**Problem statement:**
Copy every record word for word. Pictures are not part of the copy.

**Extracted material:**
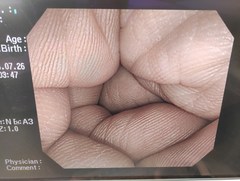 大腸ビデオスコープ｜CF-H260AI｜オリンパスメディカルシステムズ株式会社の写真8枚目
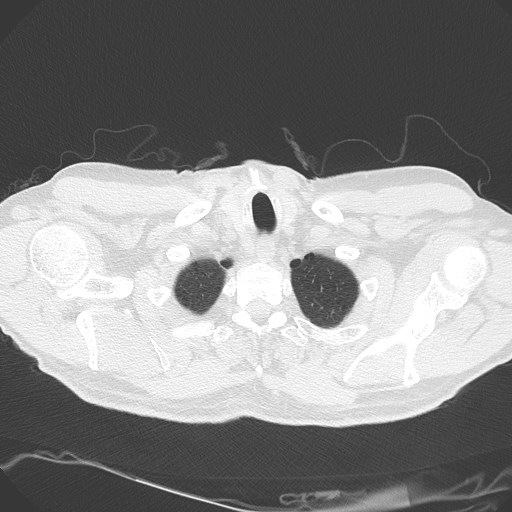 Caplan syndrome (Radiopaedia 56667-63530 Axial lung window 21).jpg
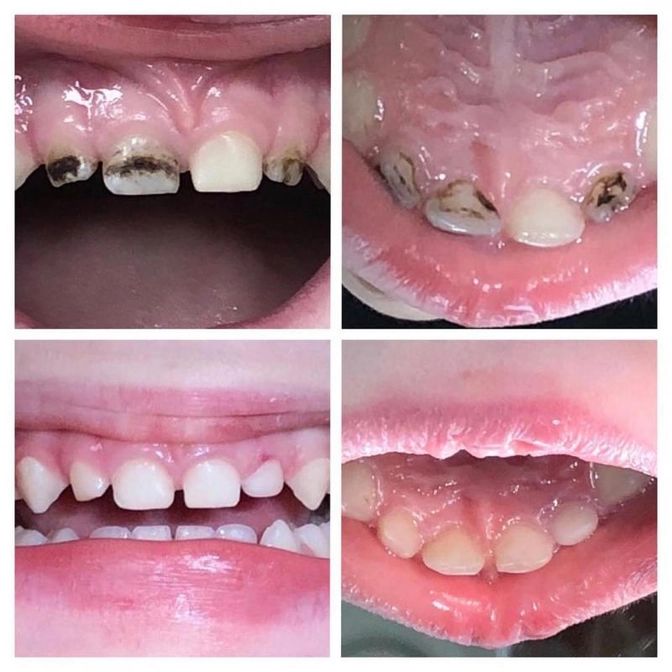 Серебрение молочных зубов.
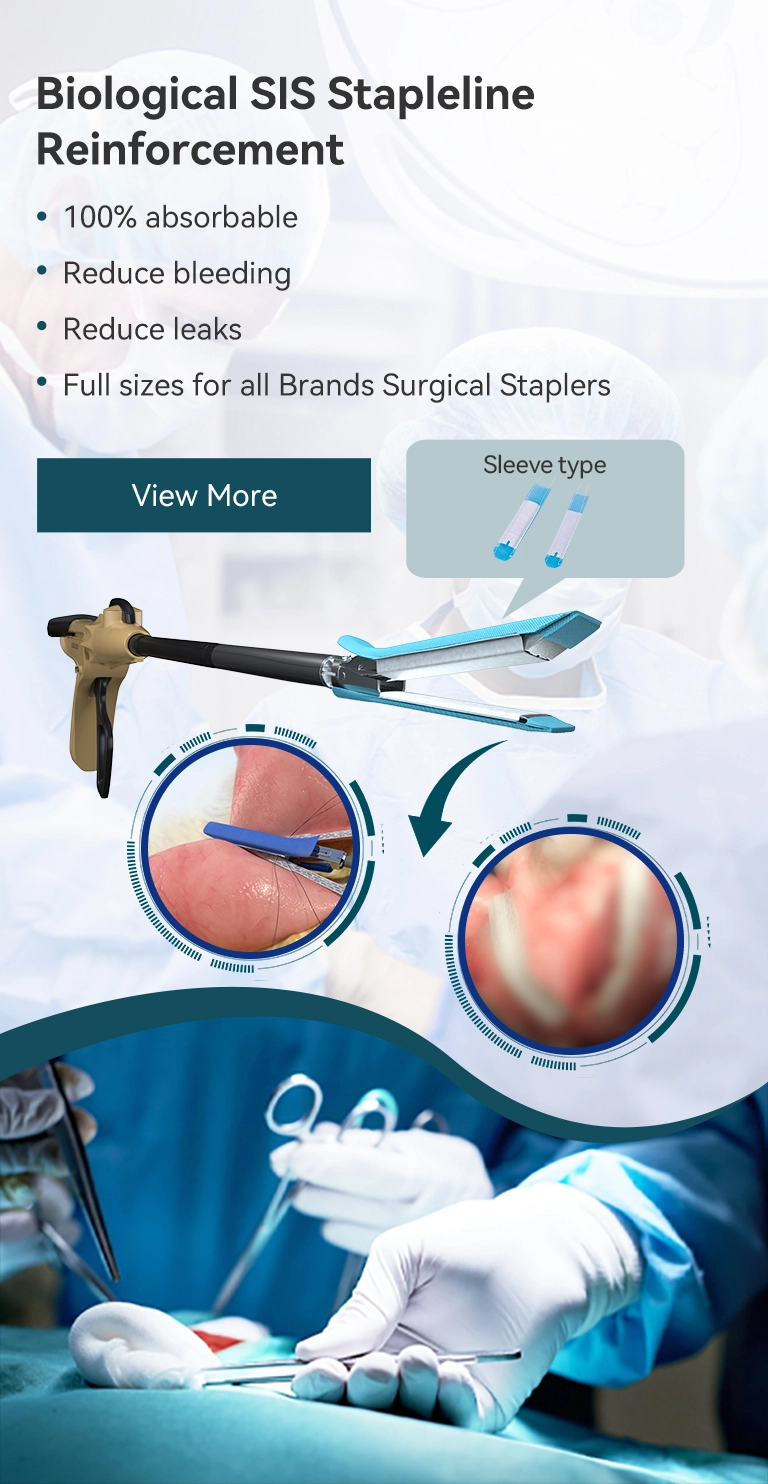 تقوية شضفيرة سيس البيولوجية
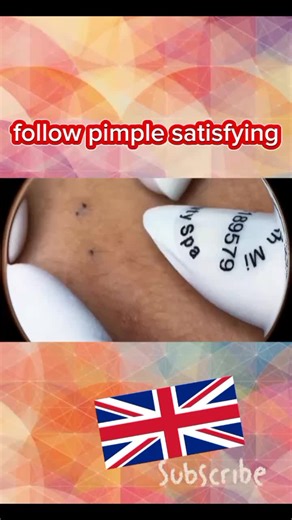 Big pimple blackhead removal #popping #satisfying #explore #extractions #blackhead #pimple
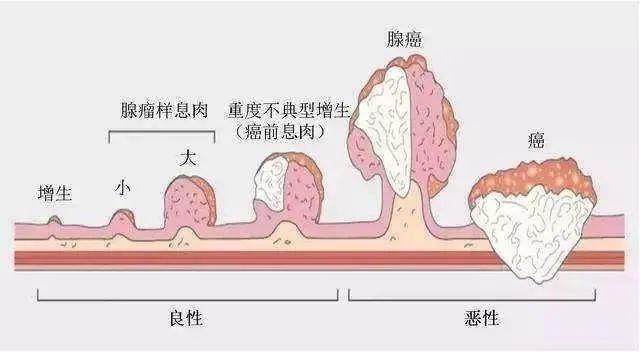 「黑豹」去世！死亡来得总是如此突然……-第33张图片-爱来健康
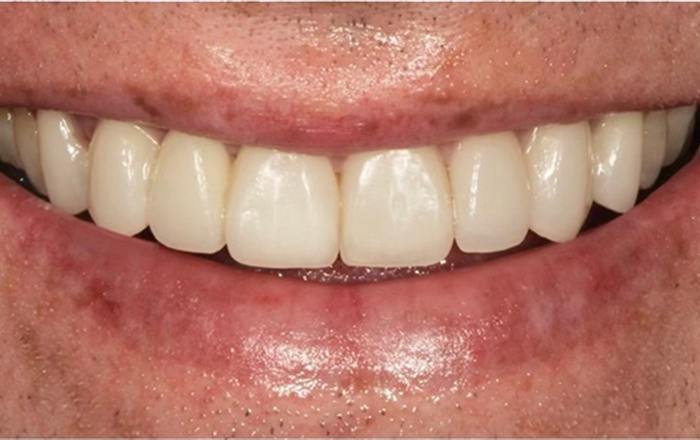 After treatment at Chroma Dental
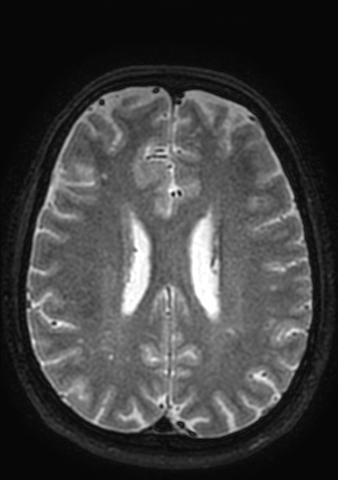 Accessory middle cerebral artery (Radiopaedia 73114-83828 Axial T2 19).jpg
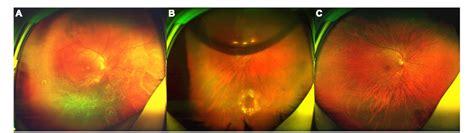 Figure 1 From Air Tamponade For Rhegmatogenous Retinal Detachment With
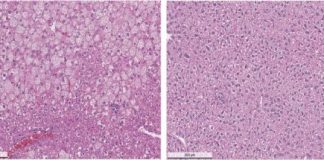 Study: Progress toward improved Wilson’s disease drug — (Details)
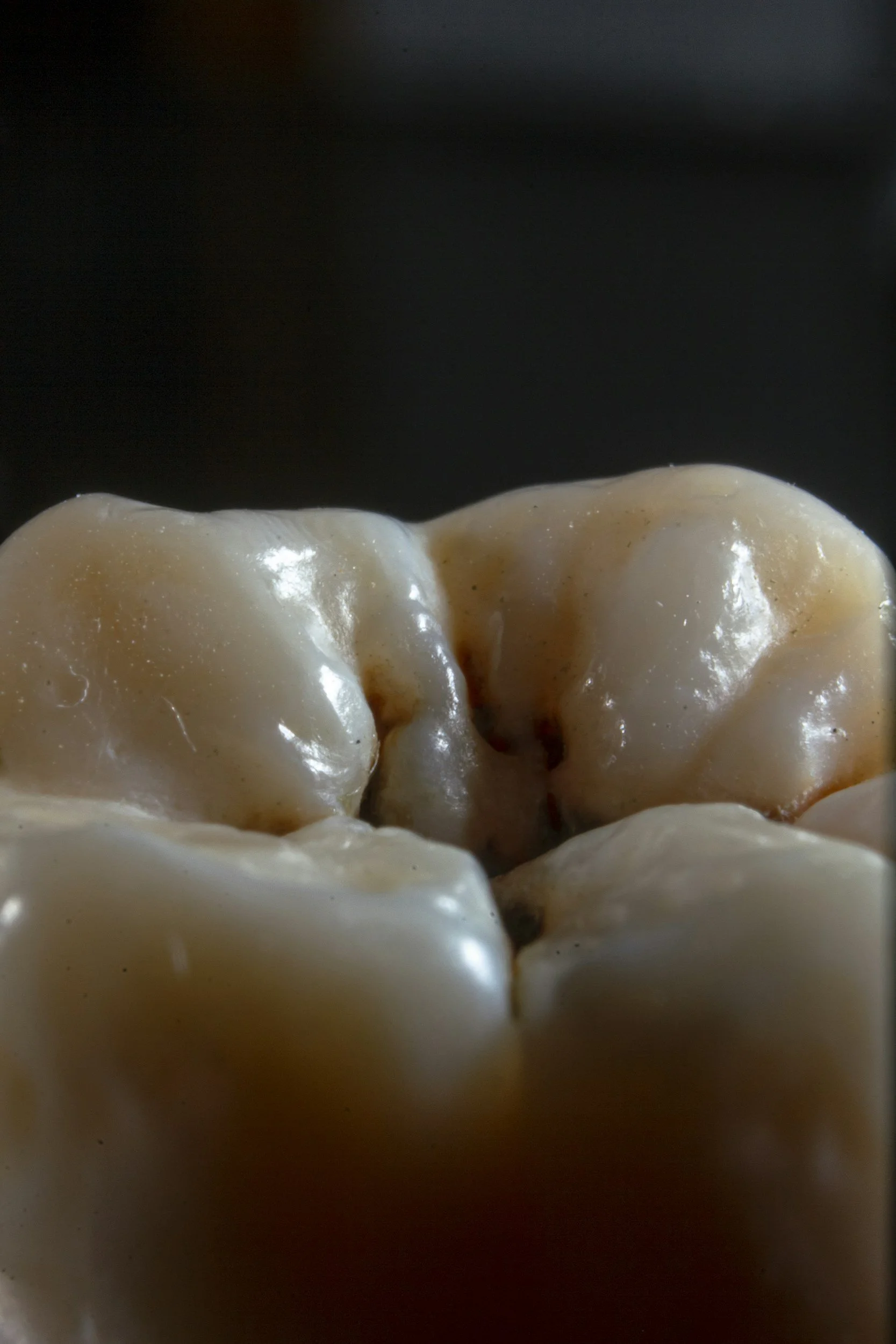 Zubný plak – tichý nepriateľ zdravého úsmevu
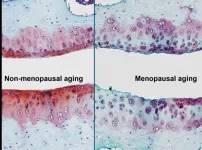 Study identifies mechanism underlying increased osteoarthritis risk in postmenopausal females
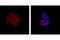 Spleen Associated Tyrosine Kinase antibody, 12081S, Cell Signaling Technology, Immunocytochemistry image 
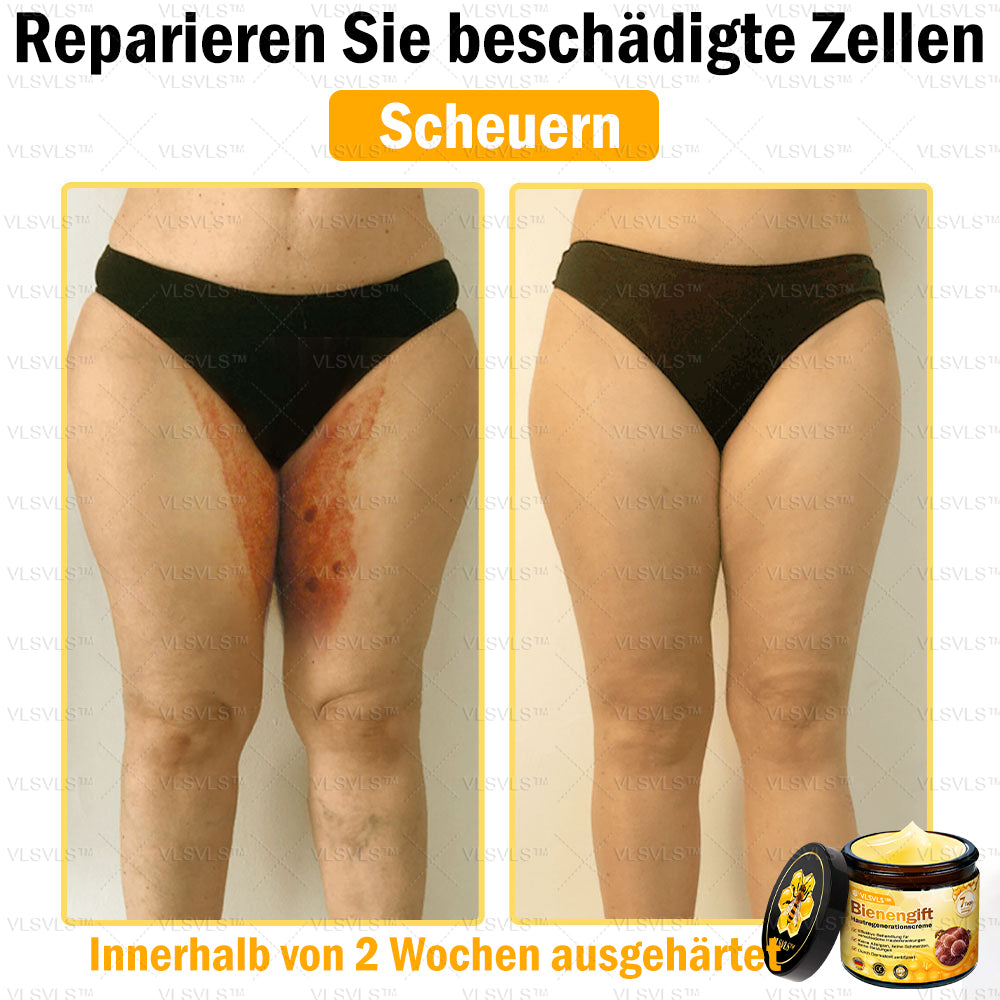 ⛄🎁 Nur noch 5 Dosen auf Lager! Wir bieten Ihnen zusätzlich 30 % Rabatt an! Bringen Sie sich in Form und bleiben Sie gesund. Wenn Sie jetzt nicht zugreifen, haben Sie erst nächstes Jahr wieder eine Chance!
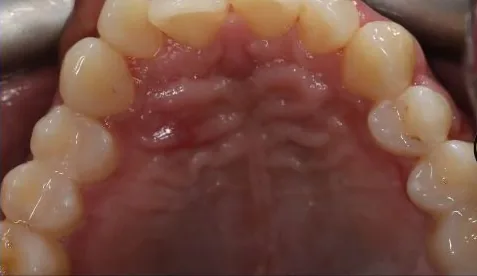 Overbite, Crowded Teeth and Overjet treated with clear aligners before orthodontic treatment at Elate Orthodontics, case 3968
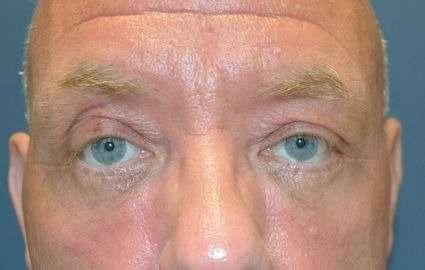 Blepharoplasty (Eyelid Surgery) Before & After Patient #13634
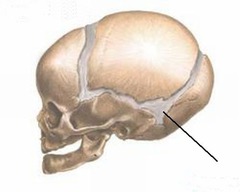 <p>soft spot between the skull bones of an infant</p>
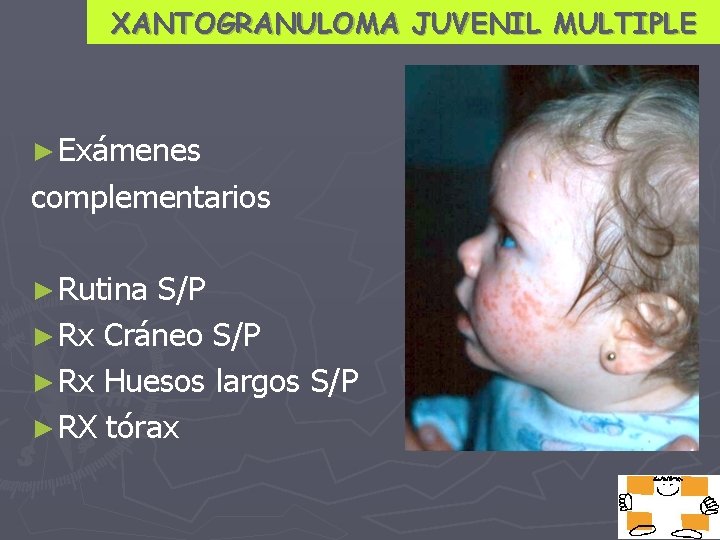 XANTOGRANULOMA JUVENIL MULTIPLE ► Exámenes complementarios ► Rutina S/P ► Rx Cráneo S/P ►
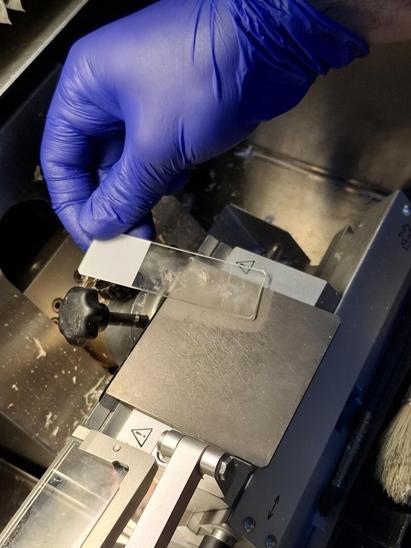 Egenin tek kas ve sinir biyopsisi yapılan hastanesiyiz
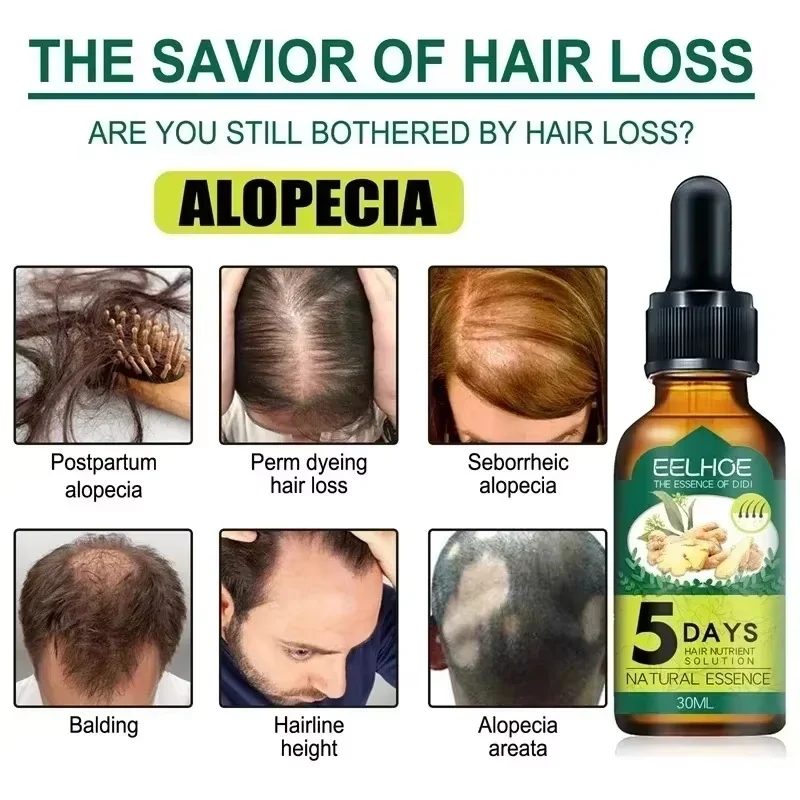 Сыворотка против Alopecia эфирное масло имбирный спрей для роста волос выпадения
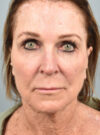 Facelift case #11812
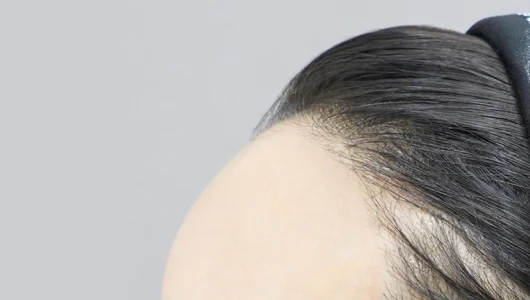 ヒアルロン酸注入後の額の輪郭と髪の生え際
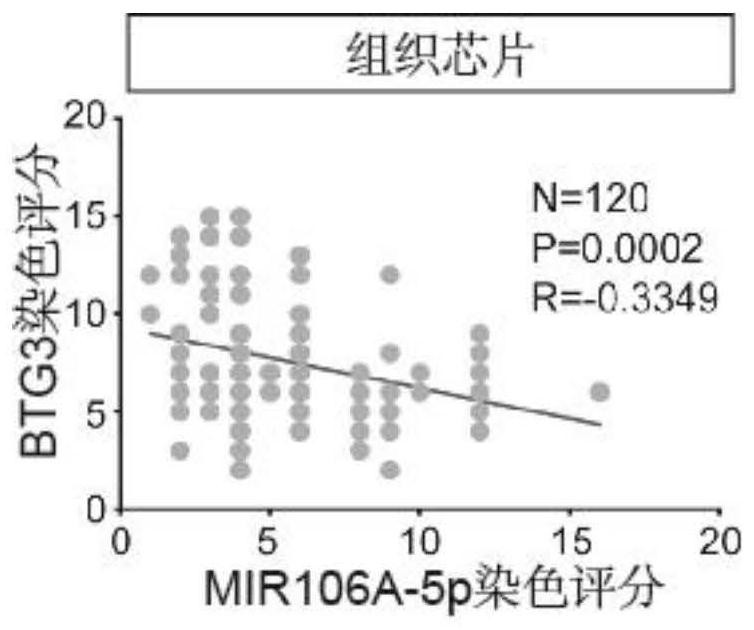 A biomarker for detecting the prognosis of nasopharyngeal carcinoma and its application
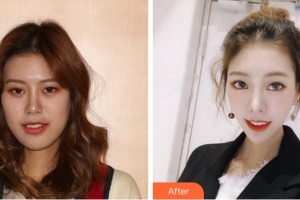 紹興市口腔醫(yī)院李齊齊整形價格表附隱形托槽矯正案例展示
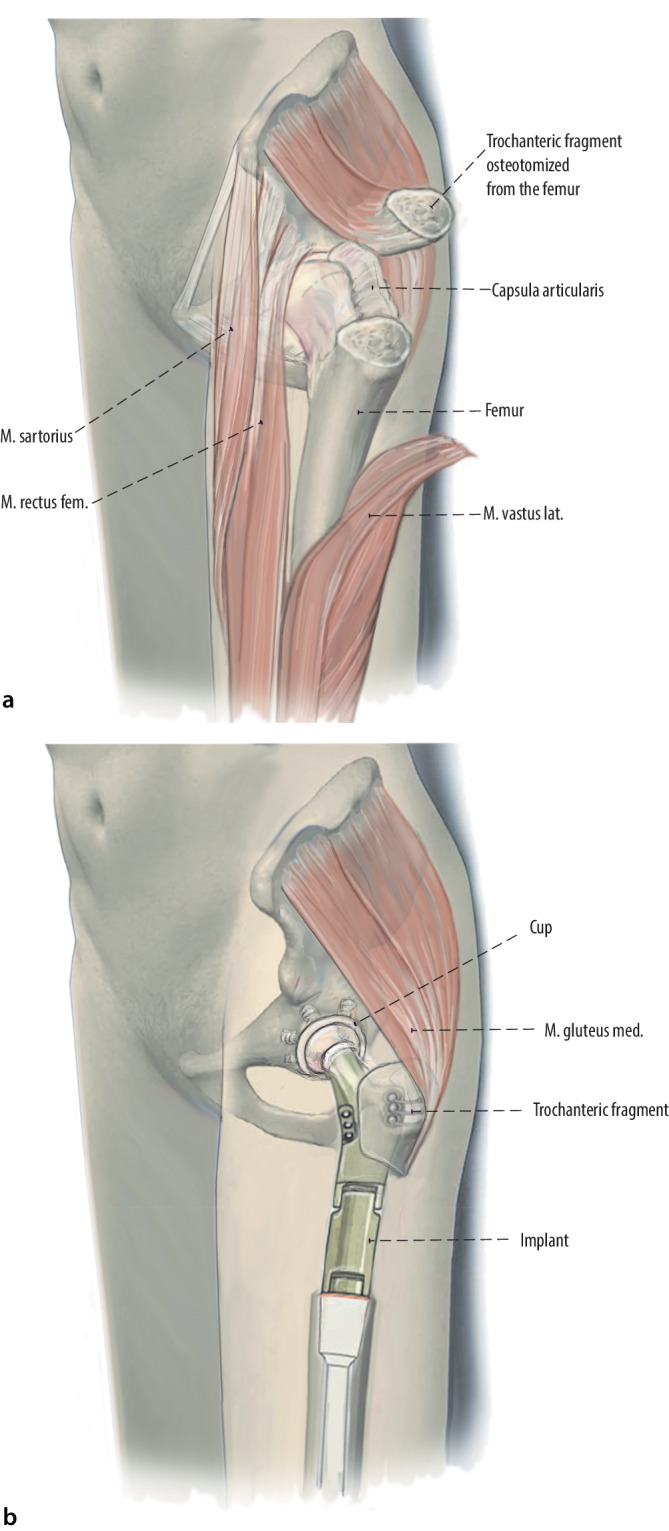 Fig. 13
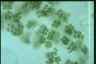 Microcystis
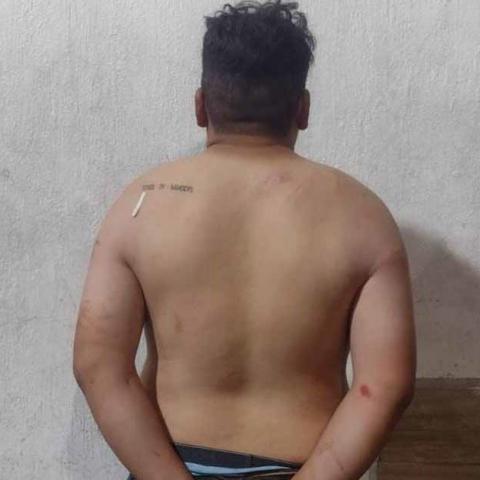intoxicado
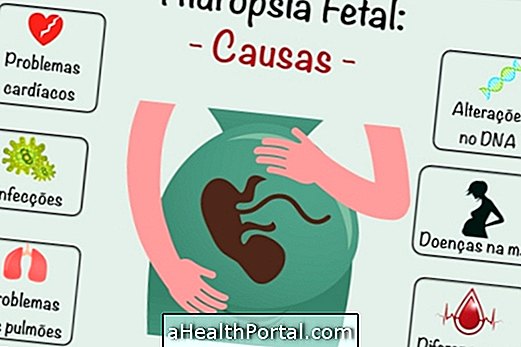 Quelles sont les causes Hydrops foetaux et complications possibles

**Written response:**
 大腸ビデオスコープ｜CF-H260AI｜オリンパスメディカルシステムズ株式会社の写真8枚目
 Caplan syndrome (Radiopaedia 56667-63530 Axial lung window 21).jpg
 Серебрение молочных зубов.
 تقوية شضفيرة سيس البيولوجية
 Big pimple blackhead removal #popping #satisfying #explore #extractions #blackhead #pimple
 「黑豹」去世！死亡来得总是如此突然……-第33张图片-爱来健康
 After treatment at Chroma Dental
 Accessory middle cerebral artery (Radiopaedia 73114-83828 Axial T2 19).jpg
 Figure 1 From Air Tamponade For Rhegmatogenous Retinal Detachment With
 Study: Progress toward improved Wilson’s disease drug — (Details)
 Zubný plak – tichý nepriateľ zdravého úsmevu
 Study identifies mechanism underlying increased osteoarthritis risk in postmenopausal females
 Spleen Associated Tyrosine Kinase antibody, 12081S, Cell Signaling Technology, Immunocytochemistry image 
 ⛄🎁 Nur noch 5 Dosen auf Lager! Wir bieten Ihnen zusätzlich 30 % Rabatt an! Bringen Sie sich in Form und bleiben Sie gesund. Wenn Sie jetzt nicht zugreifen, haben Sie erst nächstes Jahr wieder eine Chance!
 Overbite, Crowded Teeth and Overjet treated with clear aligners before orthodontic treatment at Elate Orthodontics, case 3968
 Blepharoplasty (Eyelid Surgery) Before & After Patient #13634
 <p>soft spot between the skull bones of an infant</p>
 XANTOGRANULOMA JUVENIL MULTIPLE ► Exámenes complementarios ► Rutina S/P ► Rx Cráneo S/P ►
 Egenin tek kas ve sinir biyopsisi yapılan hastanesiyiz
 Сыворотка против Alopecia эфирное масло имбирный спрей для роста волос выпадения
 Facelift case #11812
 ヒアルロン酸注入後の額の輪郭と髪の生え際
 A biomarker for detecting the prognosis of nasopharyngeal carcinoma and its application
 紹興市口腔醫(yī)院李齊齊整形價格表附隱形托槽矯正案例展示
 Fig. 13
 Microcystis
intoxicado
 Quelles sont les causes Hydrops foetaux et complications possibles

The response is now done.